Task item
The whole listing is to be reproduced exactly as given.

+++

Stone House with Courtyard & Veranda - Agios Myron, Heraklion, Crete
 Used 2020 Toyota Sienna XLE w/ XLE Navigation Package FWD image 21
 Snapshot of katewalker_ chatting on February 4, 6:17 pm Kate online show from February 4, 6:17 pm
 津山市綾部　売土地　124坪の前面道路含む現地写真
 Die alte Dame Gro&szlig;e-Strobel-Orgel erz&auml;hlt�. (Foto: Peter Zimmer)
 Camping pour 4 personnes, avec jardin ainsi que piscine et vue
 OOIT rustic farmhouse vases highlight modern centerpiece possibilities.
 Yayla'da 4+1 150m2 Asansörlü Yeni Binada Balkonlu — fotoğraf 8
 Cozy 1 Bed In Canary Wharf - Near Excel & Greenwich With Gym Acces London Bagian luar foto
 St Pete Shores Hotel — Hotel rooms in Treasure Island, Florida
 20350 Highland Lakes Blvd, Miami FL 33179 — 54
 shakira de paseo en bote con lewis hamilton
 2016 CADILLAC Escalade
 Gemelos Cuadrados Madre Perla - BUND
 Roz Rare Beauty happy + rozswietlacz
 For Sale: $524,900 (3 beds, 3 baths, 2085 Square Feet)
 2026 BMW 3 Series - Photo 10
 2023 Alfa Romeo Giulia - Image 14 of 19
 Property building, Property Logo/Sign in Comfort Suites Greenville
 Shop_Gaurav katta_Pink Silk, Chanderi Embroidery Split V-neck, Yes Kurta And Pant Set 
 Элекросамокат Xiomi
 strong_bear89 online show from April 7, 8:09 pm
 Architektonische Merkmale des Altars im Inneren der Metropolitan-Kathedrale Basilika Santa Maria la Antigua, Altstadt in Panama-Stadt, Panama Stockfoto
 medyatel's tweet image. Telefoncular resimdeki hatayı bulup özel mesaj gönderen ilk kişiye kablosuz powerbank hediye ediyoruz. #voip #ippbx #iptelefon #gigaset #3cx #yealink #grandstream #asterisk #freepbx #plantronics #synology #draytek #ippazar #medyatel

+++

Answer to the problem
Stone House with Courtyard & Veranda - Agios Myron, Heraklion, Crete
 Used 2020 Toyota Sienna XLE w/ XLE Navigation Package FWD image 21
 Snapshot of katewalker_ chatting on February 4, 6:17 pm Kate online show from February 4, 6:17 pm
 津山市綾部　売土地　124坪の前面道路含む現地写真
 Die alte Dame Gro&szlig;e-Strobel-Orgel erz&auml;hlt�. (Foto: Peter Zimmer)
 Camping pour 4 personnes, avec jardin ainsi que piscine et vue
 OOIT rustic farmhouse vases highlight modern centerpiece possibilities.
 Yayla'da 4+1 150m2 Asansörlü Yeni Binada Balkonlu — fotoğraf 8
 Cozy 1 Bed In Canary Wharf - Near Excel & Greenwich With Gym Acces London Bagian luar foto
 St Pete Shores Hotel — Hotel rooms in Treasure Island, Florida
 20350 Highland Lakes Blvd, Miami FL 33179 — 54
 shakira de paseo en bote con lewis hamilton
 2016 CADILLAC Escalade
 Gemelos Cuadrados Madre Perla - BUND
 Roz Rare Beauty happy + rozswietlacz
 For Sale: $524,900 (3 beds, 3 baths, 2085 Square Feet)
 2026 BMW 3 Series - Photo 10
 2023 Alfa Romeo Giulia - Image 14 of 19
 Property building, Property Logo/Sign in Comfort Suites Greenville
 Shop_Gaurav katta_Pink Silk, Chanderi Embroidery Split V-neck, Yes Kurta And Pant Set 
 Элекросамокат Xiomi
 strong_bear89 online show from April 7, 8:09 pm
 Architektonische Merkmale des Altars im Inneren der Metropolitan-Kathedrale Basilika Santa Maria la Antigua, Altstadt in Panama-Stadt, Panama Stockfoto
 medyatel's tweet image. Telefoncular resimdeki hatayı bulup özel mesaj gönderen ilk kişiye kablosuz powerbank hediye ediyoruz. #voip #ippbx #iptelefon #gigaset #3cx #yealink #grandstream #asterisk #freepbx #plantronics #synology #draytek #ippazar #medyatel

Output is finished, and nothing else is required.